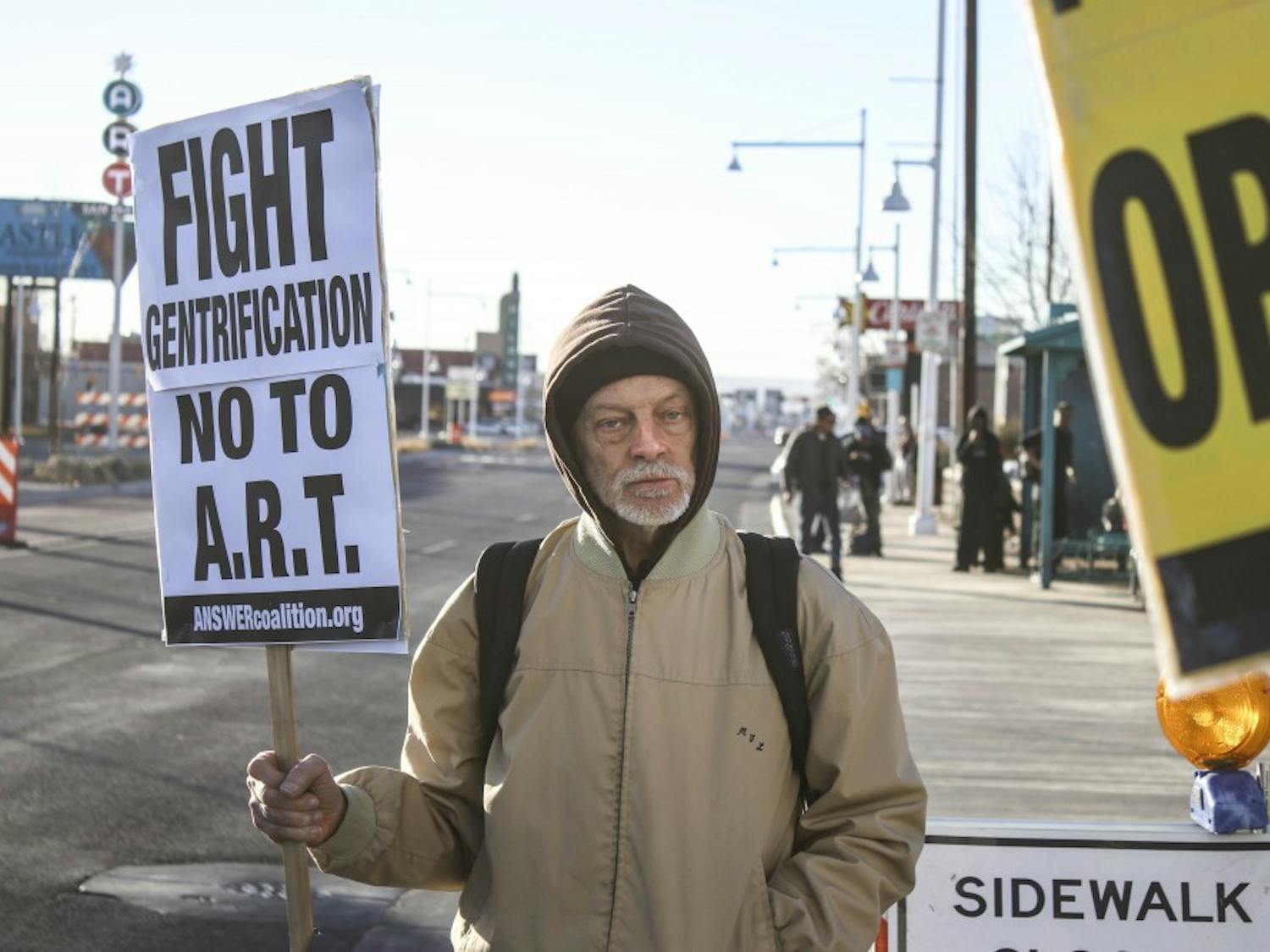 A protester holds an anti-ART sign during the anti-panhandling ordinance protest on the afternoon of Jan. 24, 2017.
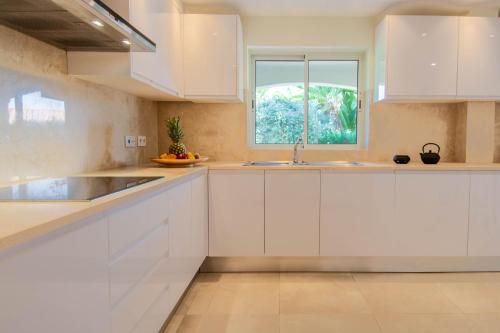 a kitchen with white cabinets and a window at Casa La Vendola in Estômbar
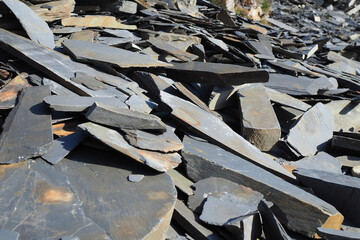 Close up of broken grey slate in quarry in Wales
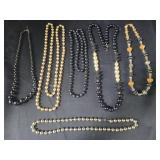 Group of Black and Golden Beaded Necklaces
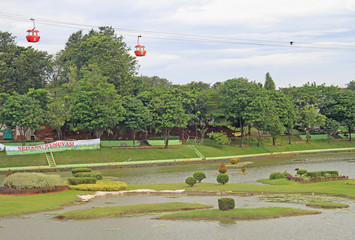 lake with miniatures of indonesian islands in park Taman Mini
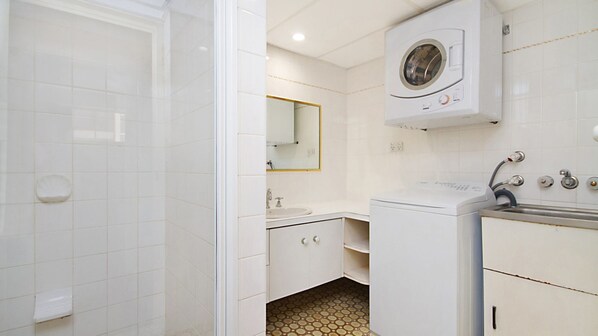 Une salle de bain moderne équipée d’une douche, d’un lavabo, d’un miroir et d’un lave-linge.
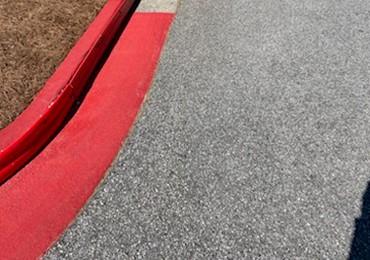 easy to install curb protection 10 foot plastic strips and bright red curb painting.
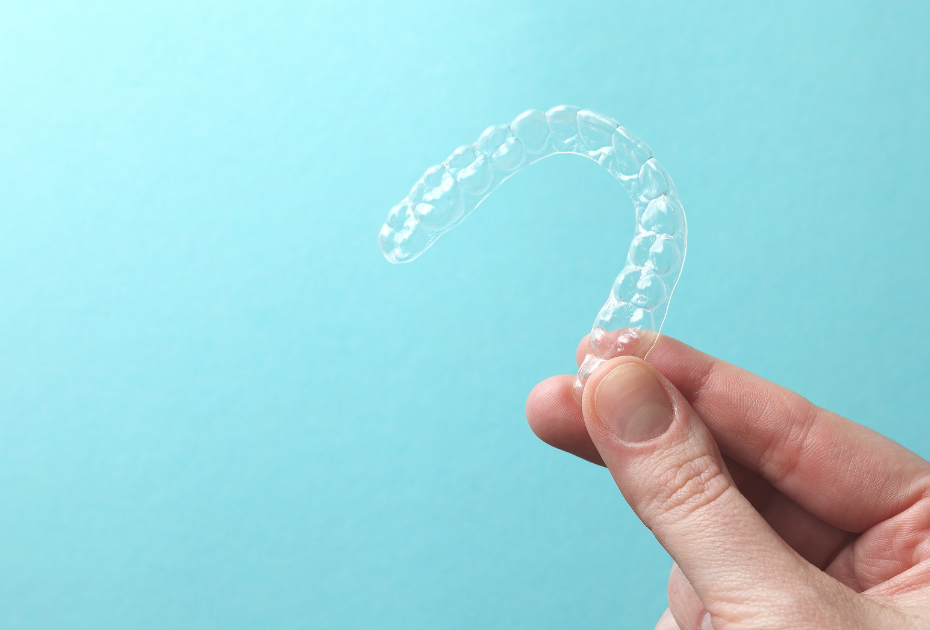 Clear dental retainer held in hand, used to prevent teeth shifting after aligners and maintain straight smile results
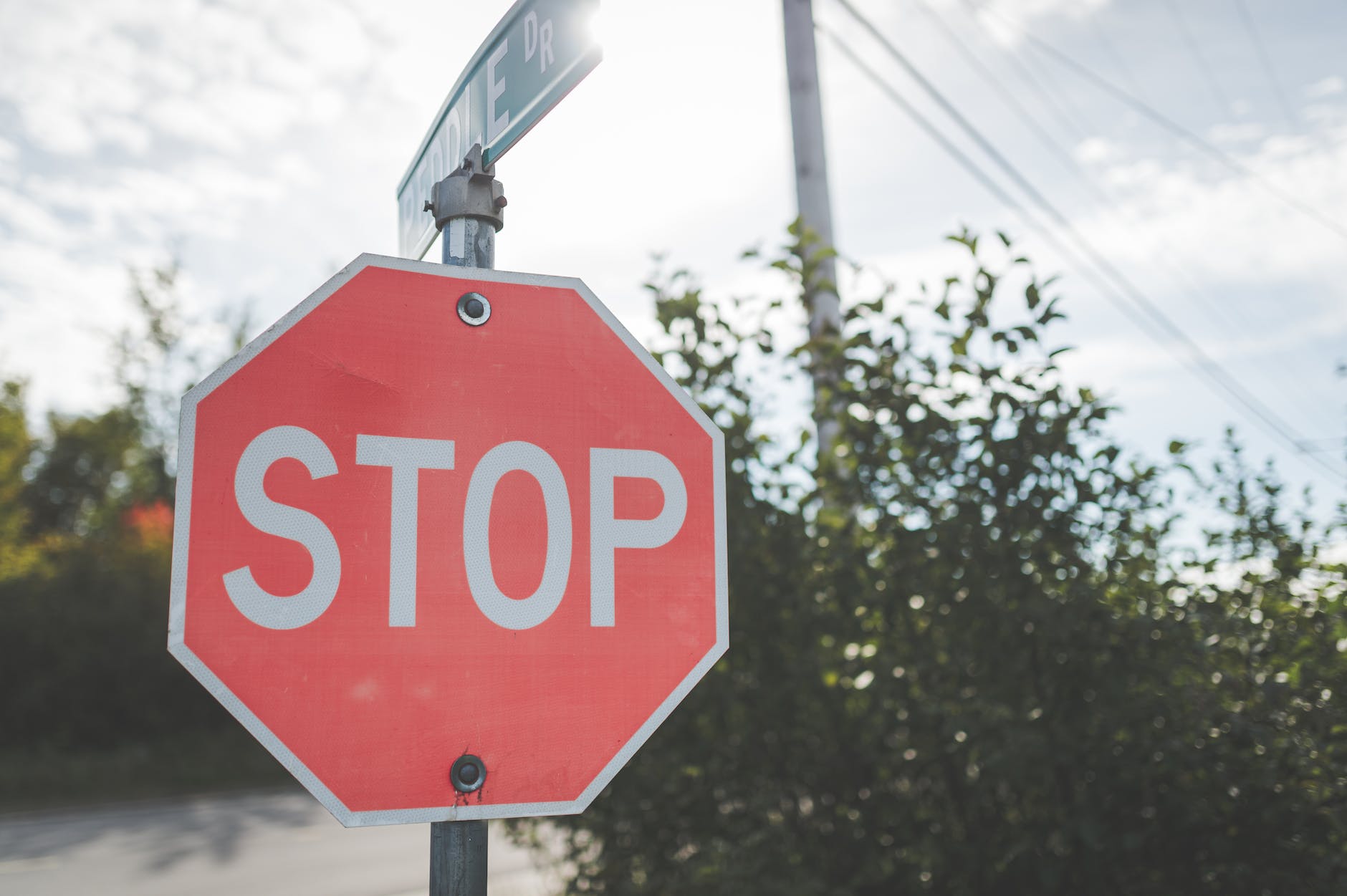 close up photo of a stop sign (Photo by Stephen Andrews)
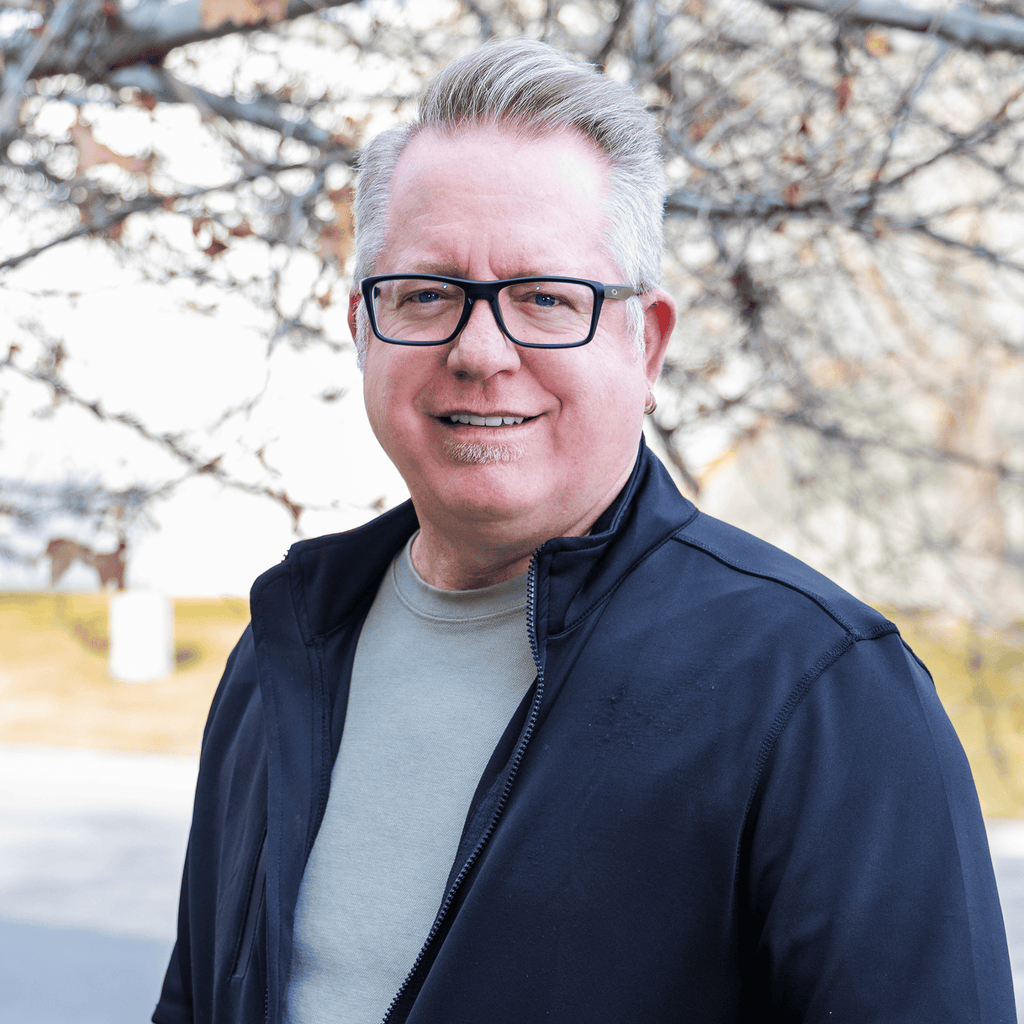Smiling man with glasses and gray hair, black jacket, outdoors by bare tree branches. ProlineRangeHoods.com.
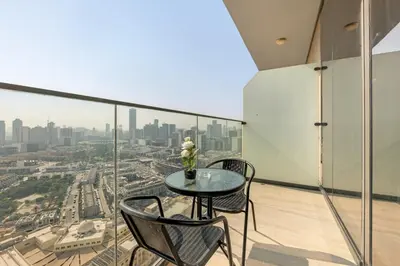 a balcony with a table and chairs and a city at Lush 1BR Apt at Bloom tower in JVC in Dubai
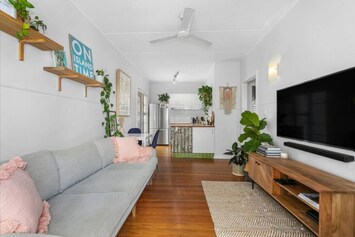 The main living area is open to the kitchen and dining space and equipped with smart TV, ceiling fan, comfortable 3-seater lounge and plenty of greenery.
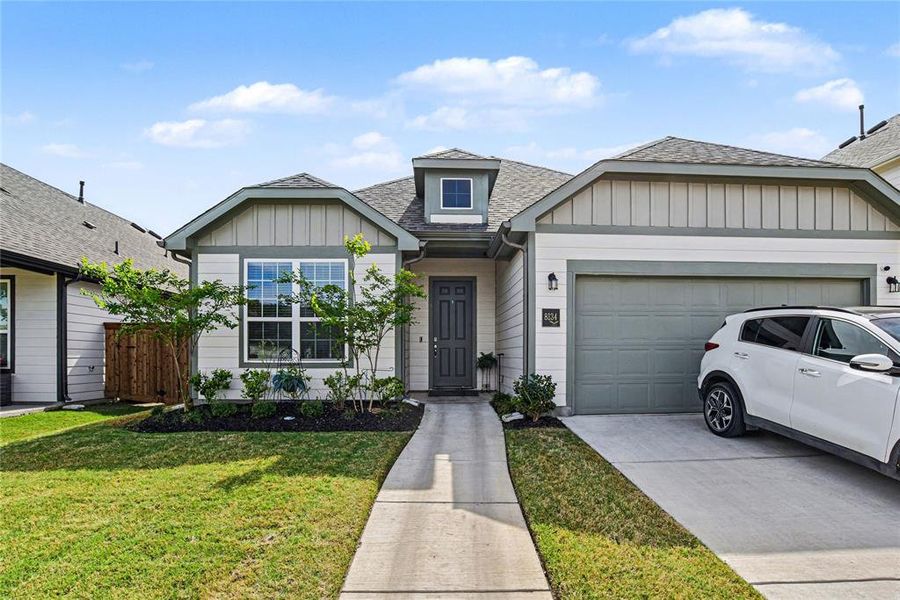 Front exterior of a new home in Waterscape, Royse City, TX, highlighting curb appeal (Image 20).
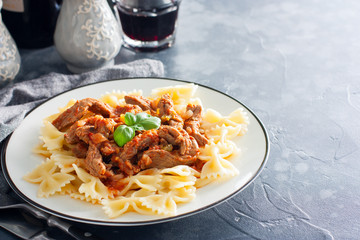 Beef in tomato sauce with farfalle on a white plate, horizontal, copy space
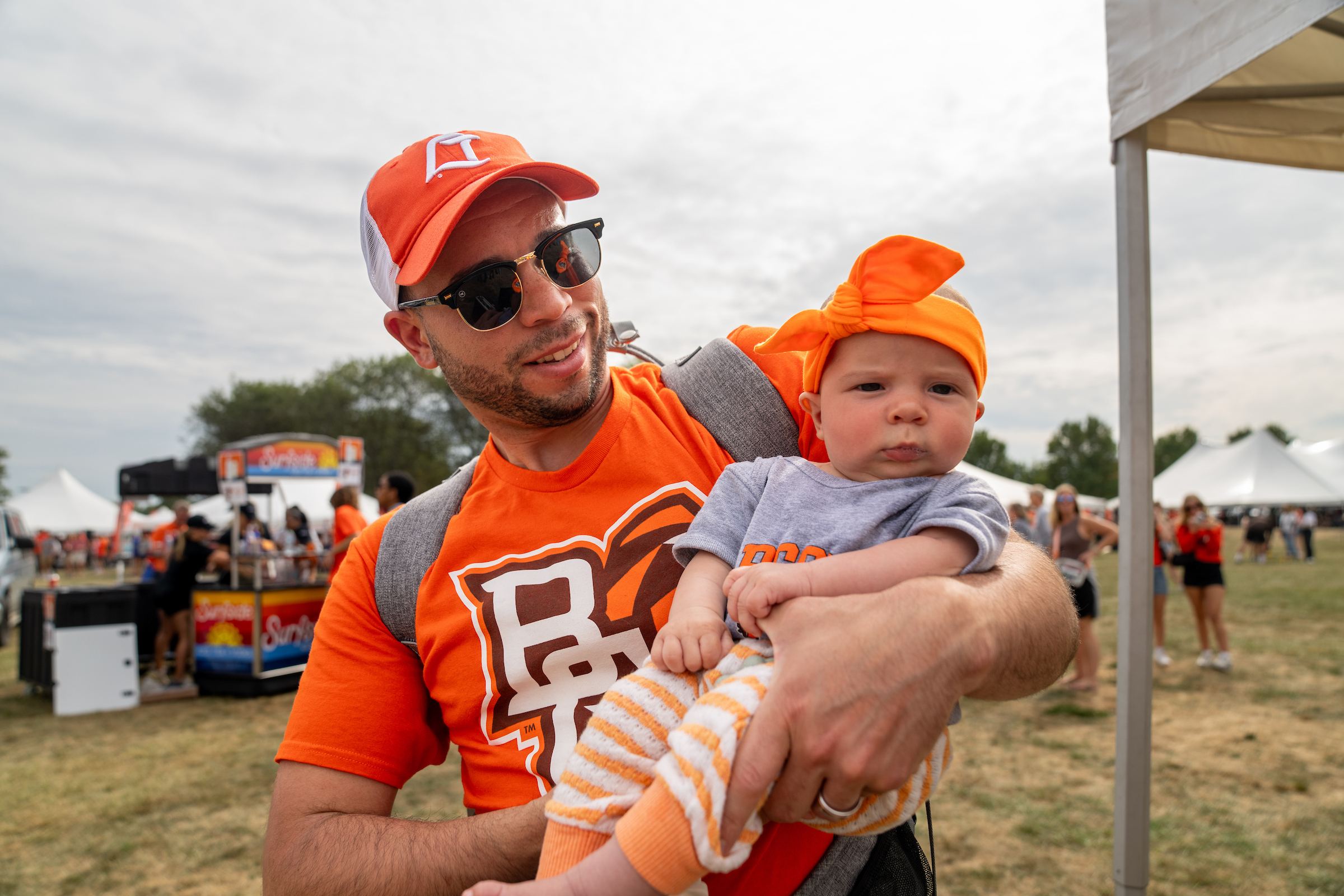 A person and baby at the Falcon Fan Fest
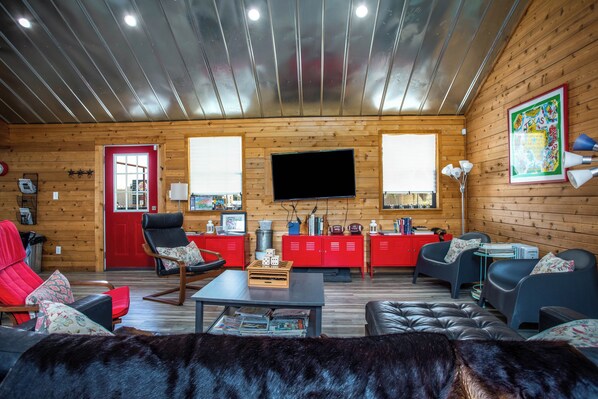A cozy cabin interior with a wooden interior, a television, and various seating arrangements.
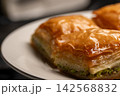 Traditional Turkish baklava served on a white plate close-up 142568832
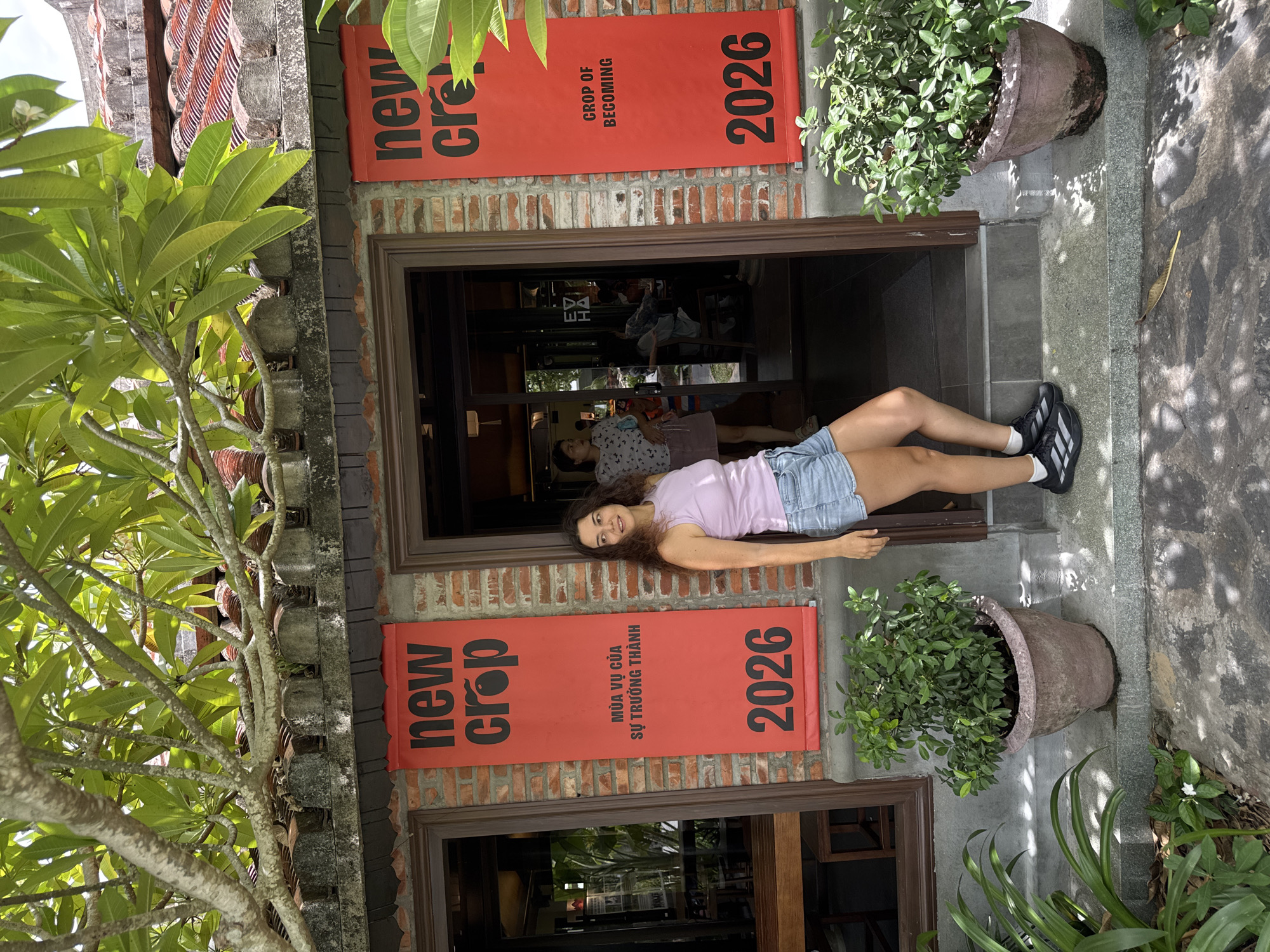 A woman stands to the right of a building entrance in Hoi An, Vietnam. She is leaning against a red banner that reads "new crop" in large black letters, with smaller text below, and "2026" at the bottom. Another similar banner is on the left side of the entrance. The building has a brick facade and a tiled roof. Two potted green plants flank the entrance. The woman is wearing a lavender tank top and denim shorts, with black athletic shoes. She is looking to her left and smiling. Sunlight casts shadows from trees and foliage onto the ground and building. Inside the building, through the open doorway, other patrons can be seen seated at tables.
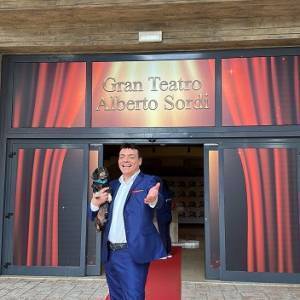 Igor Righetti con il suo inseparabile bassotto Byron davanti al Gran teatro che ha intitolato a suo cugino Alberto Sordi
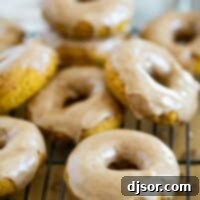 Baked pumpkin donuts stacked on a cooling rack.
+--
* **Try it**: Pictures do not belong in the answer. Return the lines above starting at the one with "Smiling man with" and ending at the one with "A person and baby at the Falcon Fan Fest", both kept, exactly.

* **Result of the task**:
Smiling man with glasses and gray hair, black jacket, outdoors by bare tree branches. ProlineRangeHoods.com.
 a balcony with a table and chairs and a city at Lush 1BR Apt at Bloom tower in JVC in Dubai
 The main living area is open to the kitchen and dining space and equipped with smart TV, ceiling fan, comfortable 3-seater lounge and plenty of greenery.
 Front exterior of a new home in Waterscape, Royse City, TX, highlighting curb appeal (Image 20).
 Beef in tomato sauce with farfalle on a white plate, horizontal, copy space
 A person and baby at the Falcon Fan Fest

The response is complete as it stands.